The Southampton Boat Show, also called the Southampton International Boat Show, is an on-water boat show, one of the largest in Europe and the biggest of its type in the UK. The show is held annually in September in Mayflower Park, Southampton, England. The Southampton Boat Show is run by British Marine, the trade association for the leisure, superyacht and small commercial marine industry.

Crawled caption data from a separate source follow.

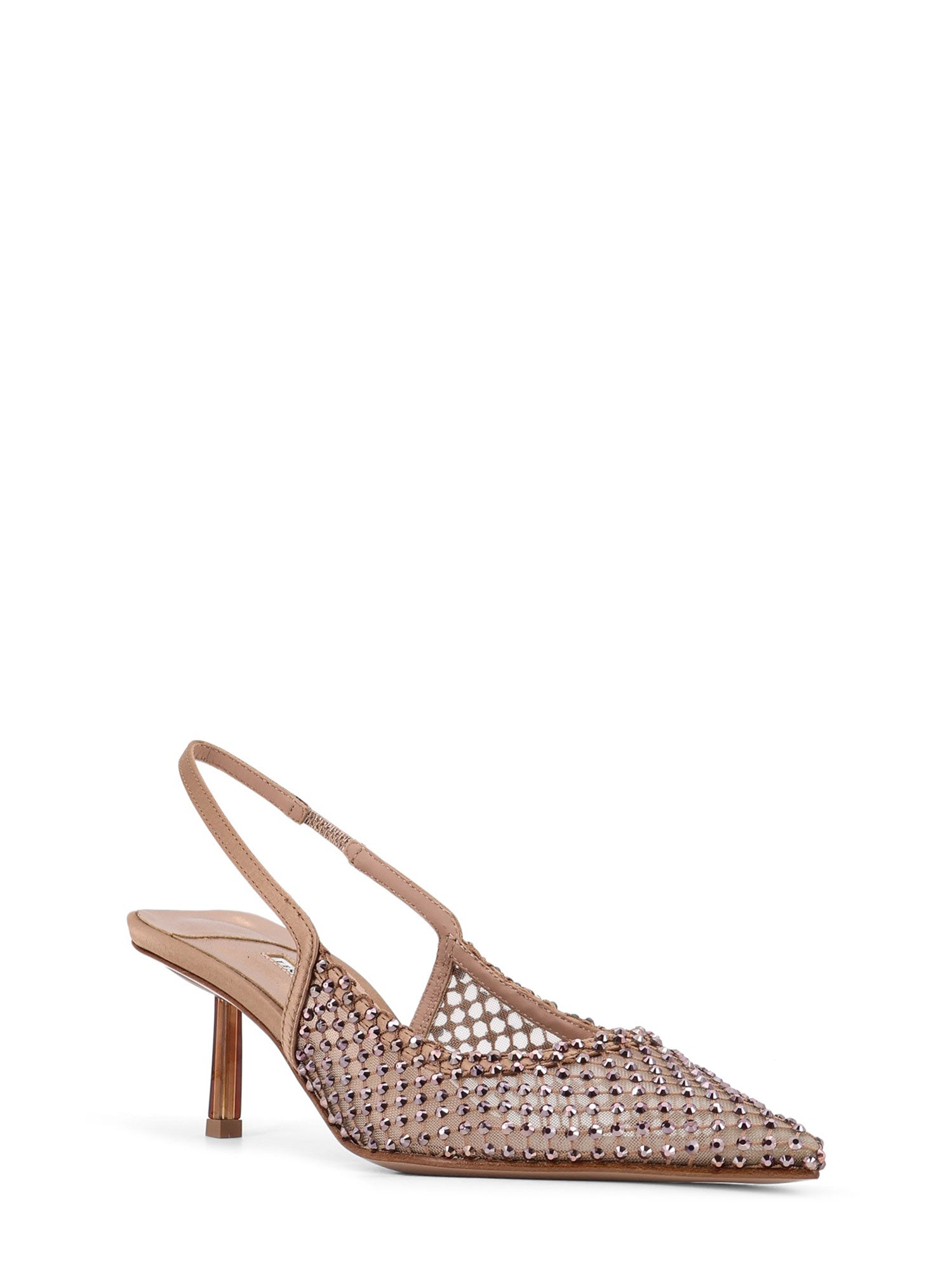 Le Silla With Heel Mordore''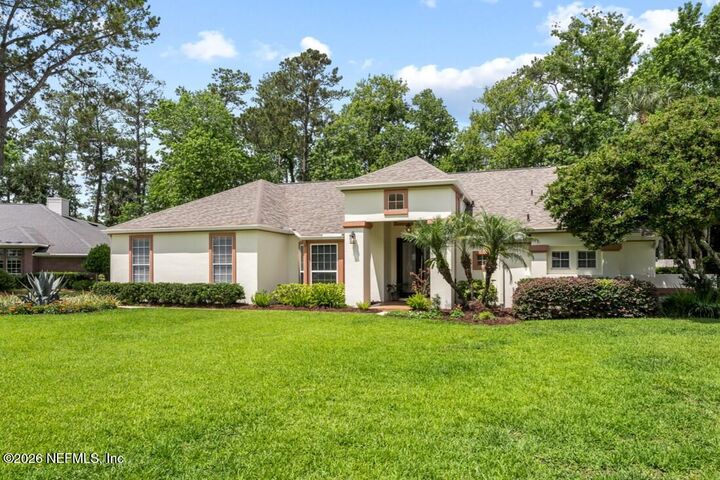Property Photo:  117 Glen Eagles Court  FL 32082 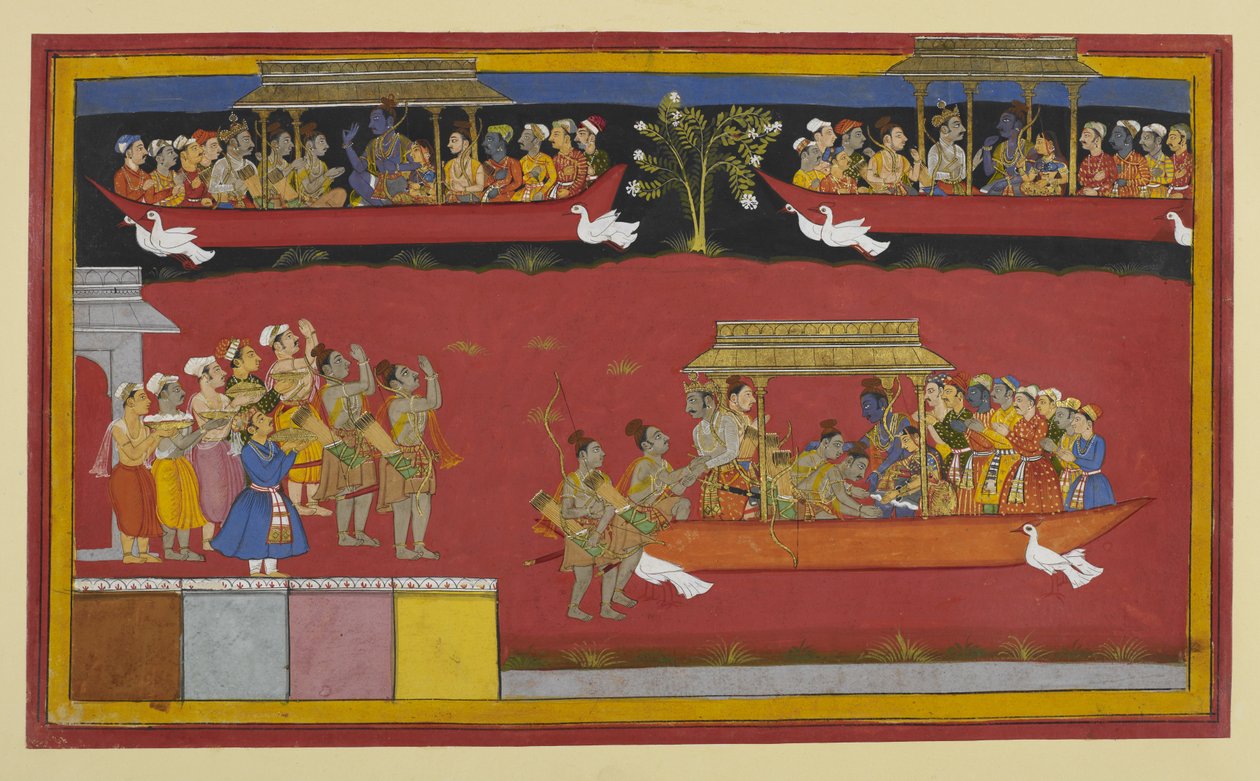  od Indian School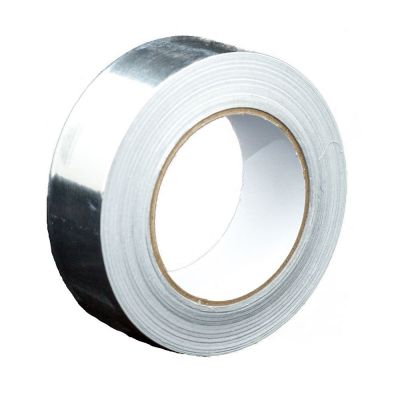 Aluminium Foil Tape Class O Fire Rated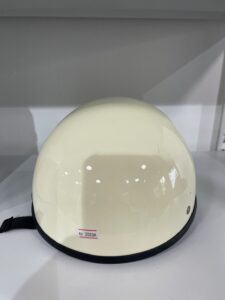 ヘルメット 中古品販売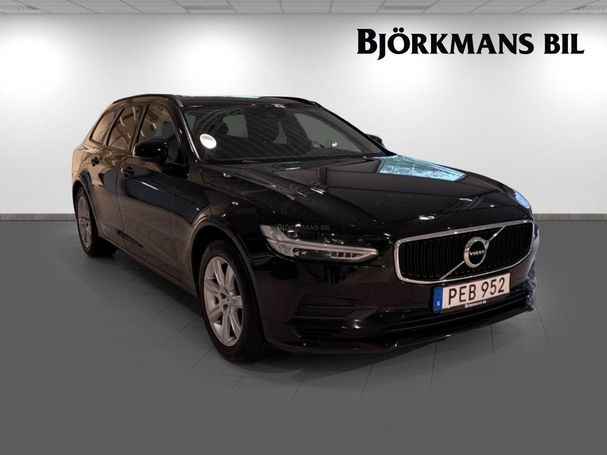 Volvo V90 D3 AWD 110 kW image number 2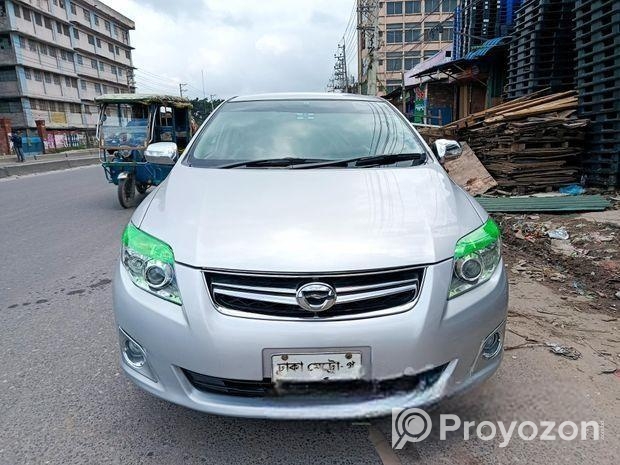 Toyota Corolla G 2005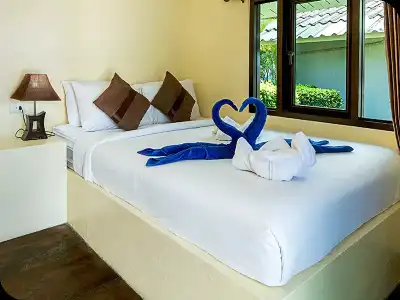 Phangan Beach Resort - 56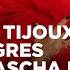 Ana Tijoux Delgres Natascha Rogers Journeys Through Music ARTE Concert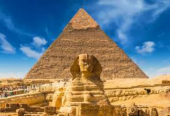 Cairo vacation packages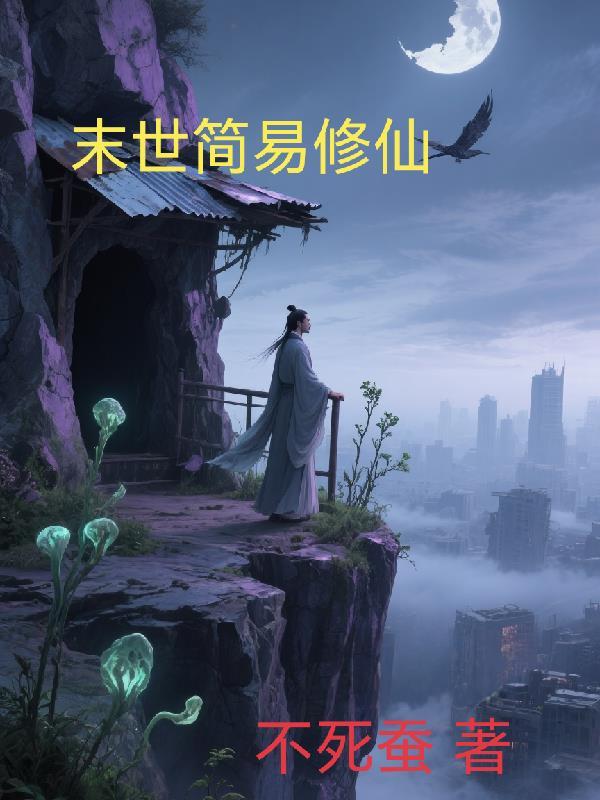 末世简易修仙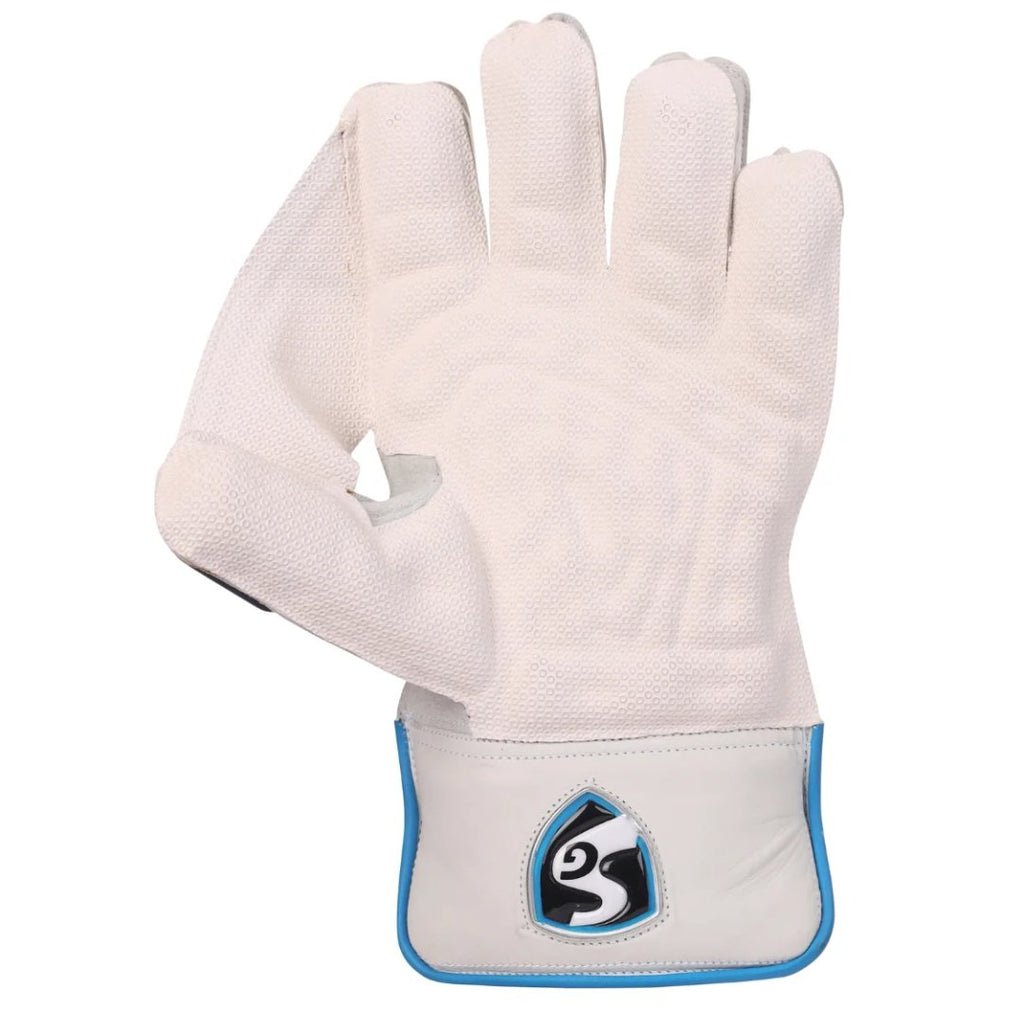 SG Supakeep Wicket Keeping Gloves - Senior - Wicket Keeping Gloves - Wiz Sports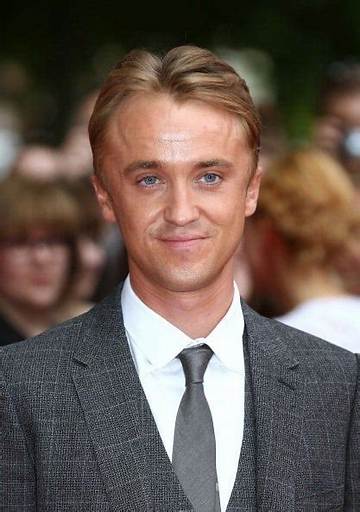 Tom Felton Net Worth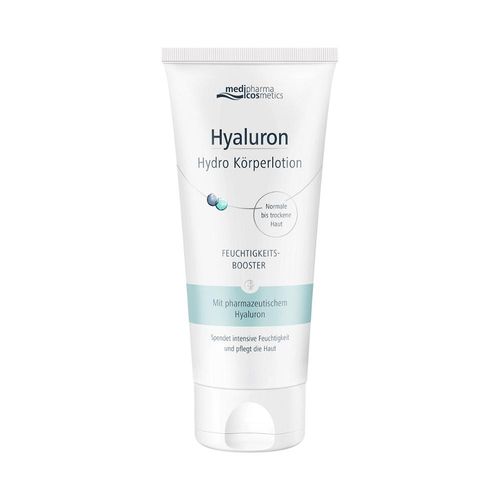 HYALURON HYDRO KÖRPERLOTION 200 ml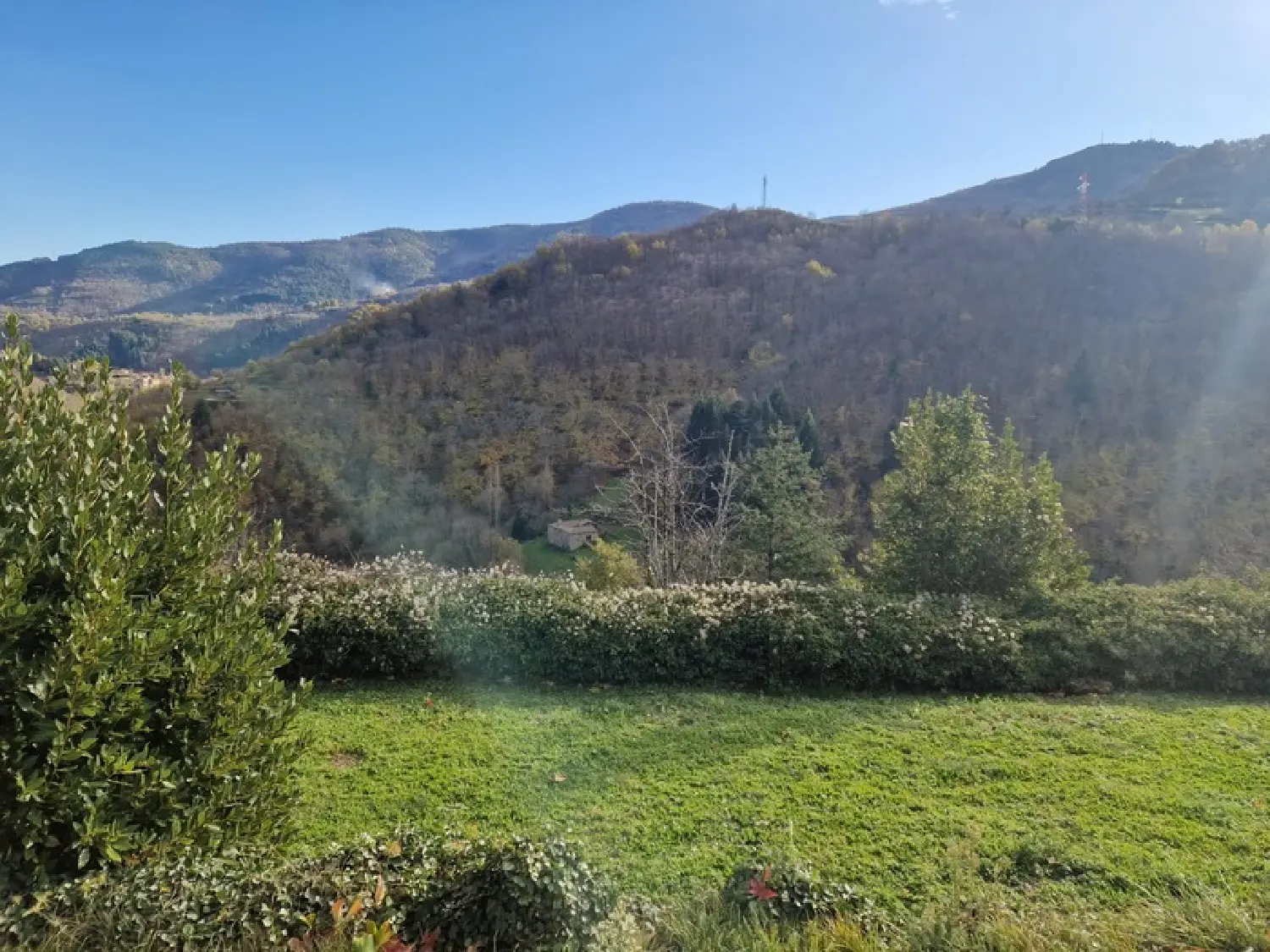  en venta casa Saint-Barthélemy-le-Meil Ardèche 8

The Southampton Boat Show is an important sales platform for both national and international businesses, attracting over 110,000 visitors. The show attracts high net worth individuals from the UK and around the world, with an attendance sex ratio of 77% male, 23% female and an average age of 51 years. The average amount spent at each show is over £880 per head (excluding spending on boats).

History
The show began in 1969. Since September 1997, the Boat Show has been a ten-day event, after the passing in July of the Southampton International Boat Show Act 1997 that allows Mayflower Park to close for 10 days instead of 9. Past events have attracted a large number of visitors, with more than 123,000 attending the 2004 event. The 2005 event featured a makeshift beach, with tonnes of sand being imported to the event.

Southampton International Boat Show Act 1997

The Southampton International Boat Show Act 1997 (c. i) is an Act of the Parliament of the United Kingdom. It is a local Act. Section 1 provides the short title. Section 2 amends section 60 of the Hampshire Act 1983. The effect of the amendment made by section 2(2) is to allow Mayflower Park to close for 10 days instead of 9 during the Southampton International Boat Show.

By 2008, the Act had not received any amendment of a kind listed in the Chronological Tables.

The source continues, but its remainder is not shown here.